Lacey’s “sir” rode over Gordo’s “aye, retracting the ramp.”
“I have Captain Kirk for you,” Lacey continued.
“On screen,” Cadence said.
The main viewer sparkled then showed James T. Kirk and Captain Spock on the bridge of Enterprise.
“Captain Song, I hear you’re ready to depart,” Kirk said.
“Aye sir, we were just about to call the flight deck,” Cadence replied.
“Clearance will be granted from here, Captain,” Spock said.
Kirk nodded. “We wanted to see you off.”
‘You wanted to give me one last chance to back out,’ Cadence thought.
“Thank you, sir. That means more than you know.”
“Fearless, the deck is clear, you have permission to depart,” Spock said.
Cadence nodded at him. “Thrusters at station keeping, Thrace. Retract the landing gear.”
“Aye sir, thrusters one quarter, landing gear rolling up,” Thrace echoed.
Cadence felt the dull thump of Fearless’ landing gear and the swaying sensation that came with solid fuel thrusters fighting artificial gravity.
“Take us out, Thrace, thrusters only till we clear the deck.”
“May the wind be at your back, Captain.

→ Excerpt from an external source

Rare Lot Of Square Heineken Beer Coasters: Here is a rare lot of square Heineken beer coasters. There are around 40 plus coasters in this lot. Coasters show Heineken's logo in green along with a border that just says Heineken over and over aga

I look forward to our rendezvous in sixty days,” Kirk said.
“Thank you, sir. We’ll see you there,” Cadence replied.
Kirk’s eyes met hers. “See that you do. Enterprise, out.”
The screen faded, to be replaced with an exterior view of George Clinton. “Shields up, half impulse, take us into the nebula and let GC get clear before we go to warp.”
“Aye sir, shields up,” Willow said, touching the controls.
Fearless had triple shielding, a design originally intended for the Star Empire dreadnought class starship. Only one had ever been built, only to be scrapped for being against everything the Federation stood for, but some of the breakthroughs were useful. The redundant shields meant Fearless could take a pounding even Excelsior class ships couldn’t. The down side was power consumption in combat, which was through the roof. Fearless chewed through dilithium the same way tribbles ate cereal.
On screen, the purple-orange swirl of the nebula swam into view. Cardassian space lay on the other side, as did their destination, an asteroid that catered to a less law-abiding class of people. Rumor was that their contact, a Klingon named K’Ratak, could be found there.
“George Clinton signals good luck and God speed, they’re going to warp,” Gordo announced.
Cadence felt the sudden emptiness of the GC crew vanishing, and knew they were gone.
“Take us through the nebula, go to warp two as soon as we’re clear,” she said.
She settled back into her seat and folded her hands. Come what may, they were on their own.